We also know there's new entrants, and Walmart is doing well as well. So who are the losers in those U.S.

market, the people that must be giving up market share to make space for your growth and the new entrants'? My second question is, what gives you the confidence to step up the share buyback program to this extent?

I mean, share buyback with dividends will be bigger than your free cash flow. Just to understand the thinking behind that.

And the third one is, on Slide 16, Dick, you went quite fast over those new technologies. And I just wondered if you can elaborate a bit more on the Dutch picking technology that you're bringing to the U.S., how much better is that?

What does it mean for the efficiency and potential growth? Can you give a bit more color about that?

And also, the voice-based ordering, is that a collaboration with Google or any other technology company on that Slide 16 at the bottom?

Dick Boer

Thank you very much, Bruno. I'll start with the U.S., and Jeff elaborate on that also.

On the share buyback, Jeff will handle and then I will come back on the third. Gaining market share is, clearly, in a market which is not growing on its own, so the market itself in the U.S.
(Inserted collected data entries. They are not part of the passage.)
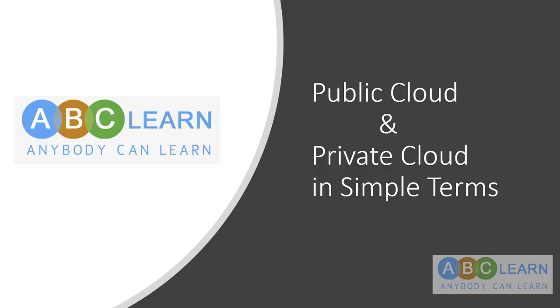Welcome everyone for another video learning bite from ABC learn technologies. This is Raj. Today we'll try to understand public cloud and private cloud in simple terminologies. Let's get started.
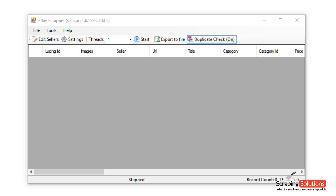Hi there, in this video we're going to have a look at the eBay scraper by ScrapingSolutions.com.au. The purpose of this program is to scrape products from the eBay website.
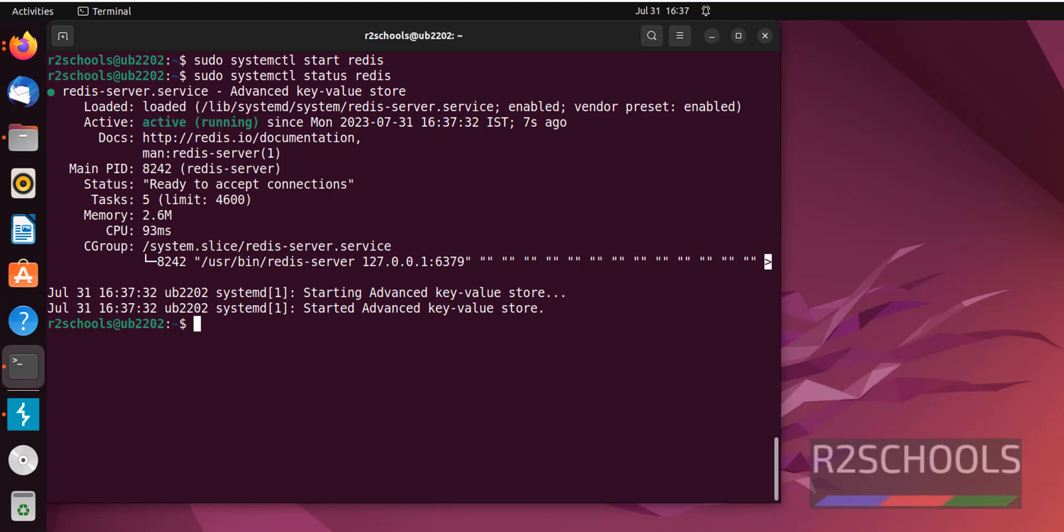Press Q to quit. If you want to restart, just replace start with restart. Here, you just need to replace. Restart Redis.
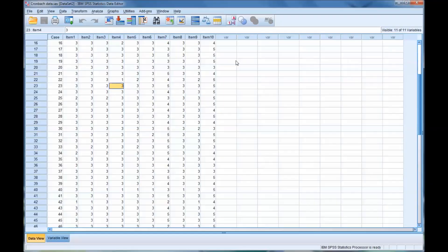Hello, this is Dr. Grande. Welcome to my video on how to calculate Cronbach's alpha. I'll also be showing you how to interpret Cronbach's alpha. So let's start with a data set in SPSS.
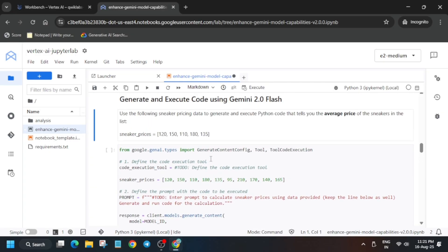For task number two, we have to add the execution model and the sneaker prices, and we also have to add a prompt. Regarding the prompt, you do not need to remove the second prompt — we only need to review the To-Do section prompt. As they have already mentioned, keep the line below as is. Let's move to this step and complete it together.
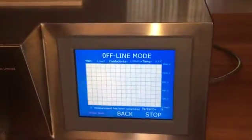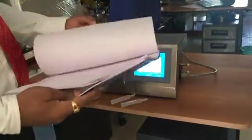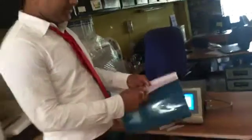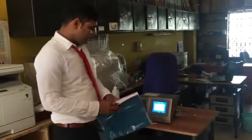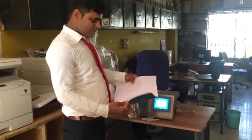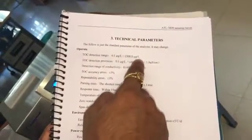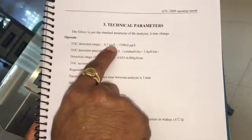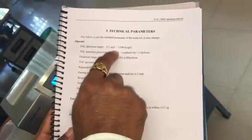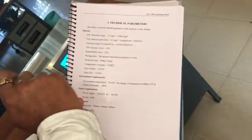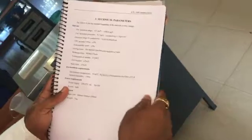This machine can measure from 0 to 1500 ppb. Looking at the manual, you can see the specifications: 0.1 micrograms per liter to 1500 micrograms per liter — that means 0.1 ppb to 1500 ppb (micrograms per liter equals ppb; milligrams per liter equals ppm). The precision is 0.1 micrograms per liter.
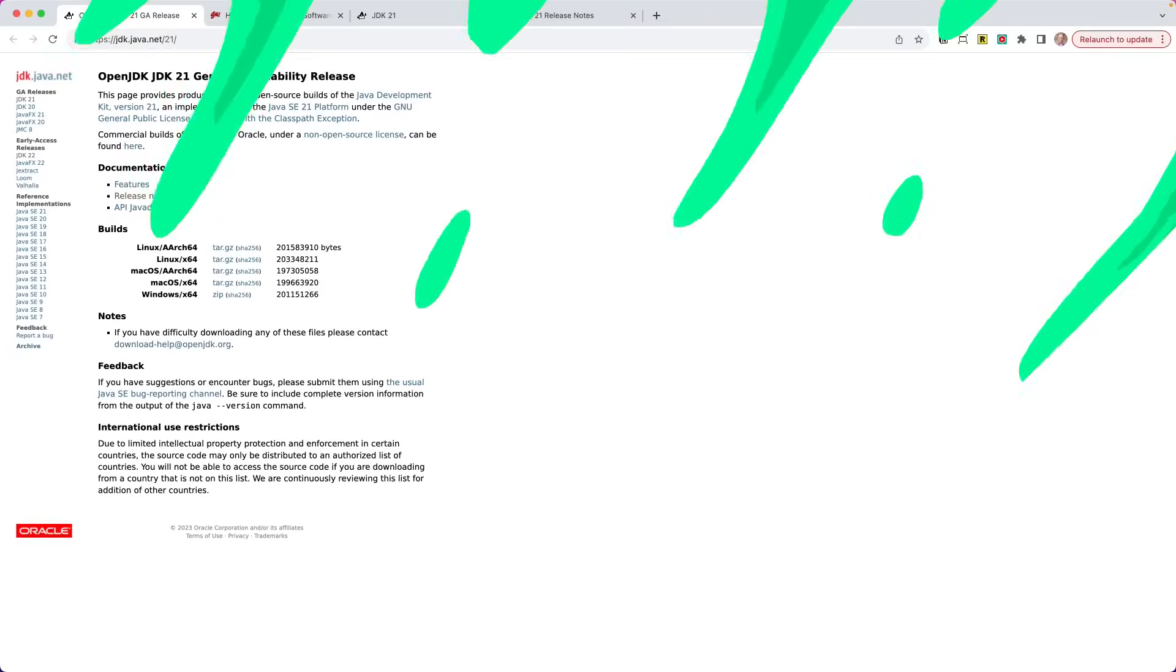So with that, let's make sure we have Java installed. Let's take a look at the features at a high level and we'll write a little code. So I want to start here at JDK.java.net slash 21. I will put all of the links that we talk about in this video in the description below.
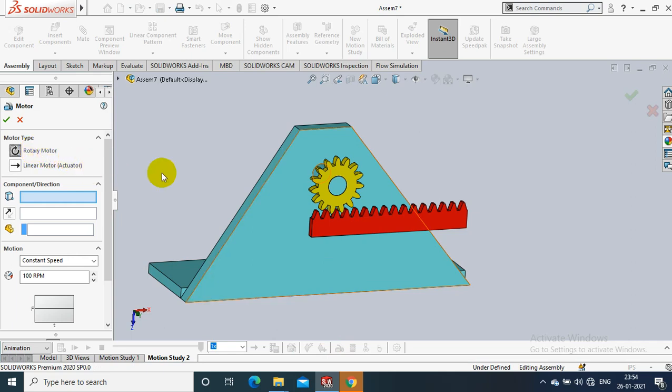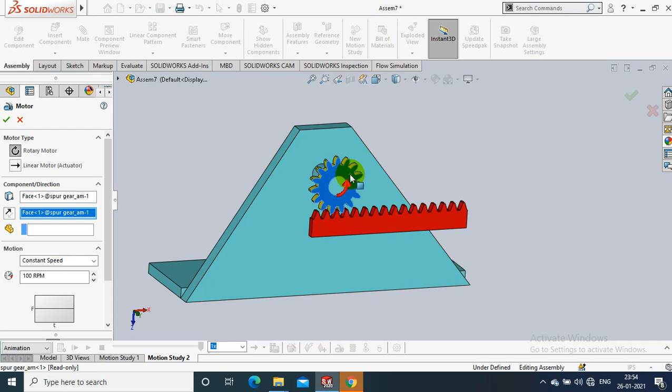Select the related motion component worm gear. Apply the motion type as oscillating motion by specifying the angle of rotation.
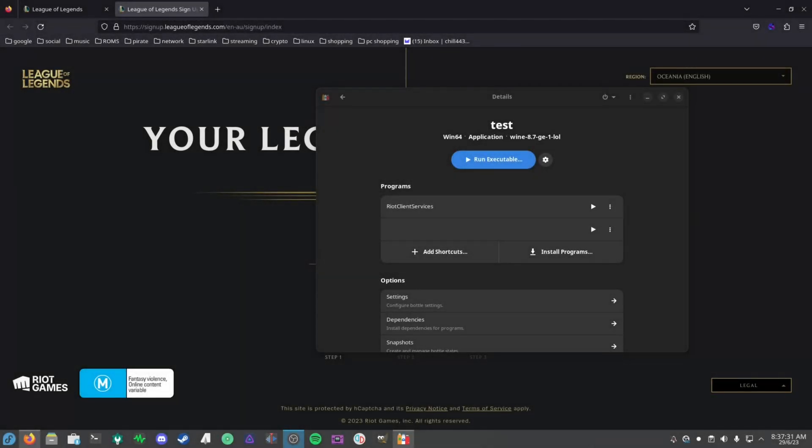Hey guys, it's Linux Benchmarks here. In today's video I wanted to do a quick tutorial on how to set up League of Legends on Linux, as League of Legends actually does work on Linux through Proton slash Wine.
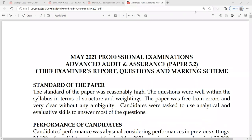Welcome once again, this is Pinnacle Professional College and today we bring you another lecture on advanced audits and assurance. As part of preparing for the exam, we'll be going through some past questions to understand how to answer questions properly and see how best we can approach and improve our question answering process.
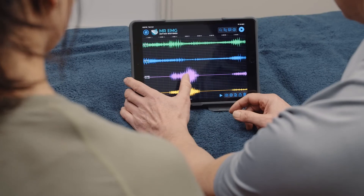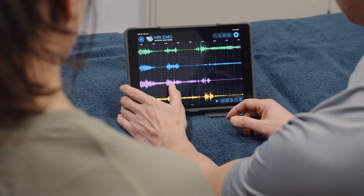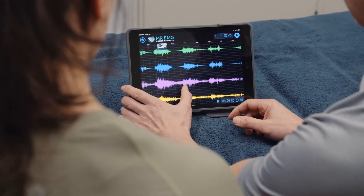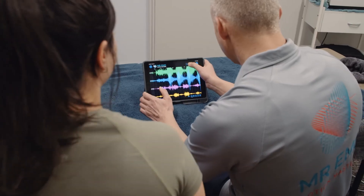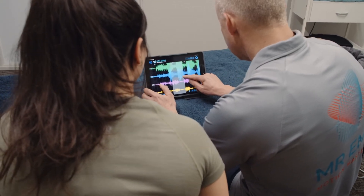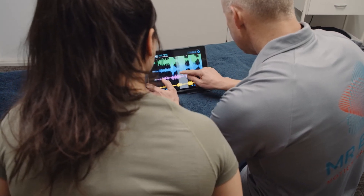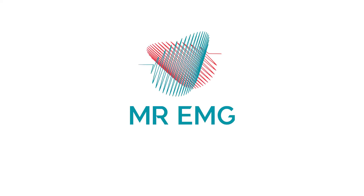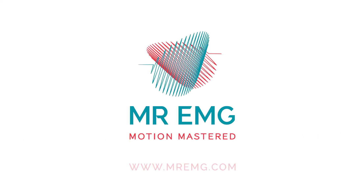To conclude the assessment, we recommend you sit down with your subject and analyse their data, identifying any muscle inactivity during movements you feel is related to their symptoms. We hope you enjoy using Mr. EMG.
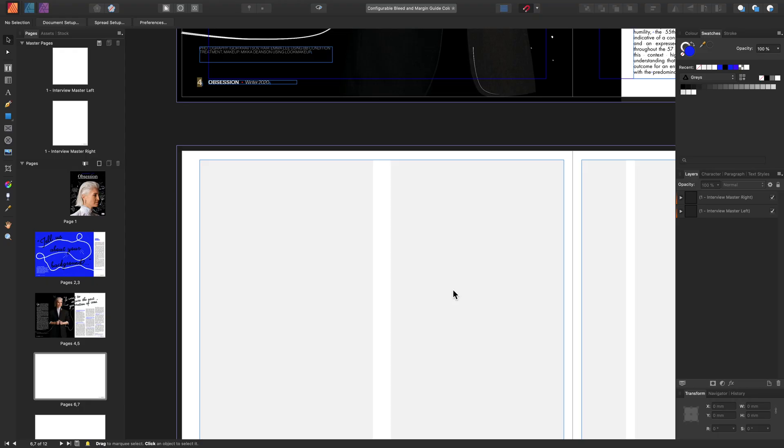Here's how you can configure your bleed and margin guide colors. To configure your bleed guide color, head to the document setup located in the context toolbar.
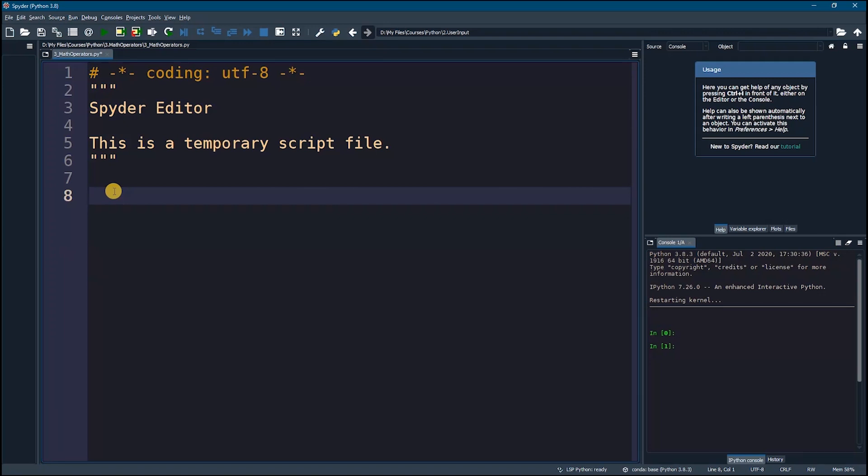Now let's go and program this. First I'm going to create three variables. One of them is called a and it's going to equal to 100, then we have b which will equal to 20.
is even in some parts still a bit contracting as we've seen in Giant Landover market. We are doing better than our competitors because we have good programs, but also, clearly, some of our competitors has been not matching and could be matching continuously the price positioning points we have put in the markets, together, of course, with other major, other retailers who have done the same.

So I think that's what you see currently happening. And I'm sure you allow me not to use names in this case, but I think there are such smaller retailers, of course, getting more in trouble of keeping up to the fast-changing environment from the digital side, from the connection with your customers, the online piece.

So that's why I think also we're gaining, although slightly, market share in the market. Jeff, something you'll add?

Jeff Carr

No, I think on the buyback, Bruno, I think we look at the strength of the balance sheet, the strength of the cash generation, both this year and our expectations for next year. And we set the appropriate target.

We announced it now because we don't really have any more scheduled times to make any announcements to the market until middle of January, and we wanted to start the program very early in the New Year. I think we've been clear that we will utilize the balance sheet, and we set leverage targets of around two time's net debt-to-EBITDA.

This will move the needle slightly above two times in 2018. We still have a lot of headroom in our ability to fund growth.

And I think it was also important to put it in the context that we will be increasing our CapEx. We expect to increase our CapEx in 2018, as we continue to invest in the stores, invest in digital, and invest in e-commerce.

And so I think that context is also important for people to understand.

Bruno Monteyne

Jeff, sorry, can I interrupt you there for a second. Because I remember, before the Delhaize merger, you returned an extra €1 billion to your own shareholders before doing that merger.

You're expecting more cash out of the business to your shareholder at this stage. That would not be in a similar kind of anticipation of more M&A activity in the U.S.

or at the broader sense, would it?

Jeff Carr

No, I wouldn't read that into it. Obviously, we have a strong -- so no, I would not read that take into it.

So this is -- we've said, regularly, we will review the share buyback program around this time of the year each year. We'll establish the right amount, and we'll announce the new program.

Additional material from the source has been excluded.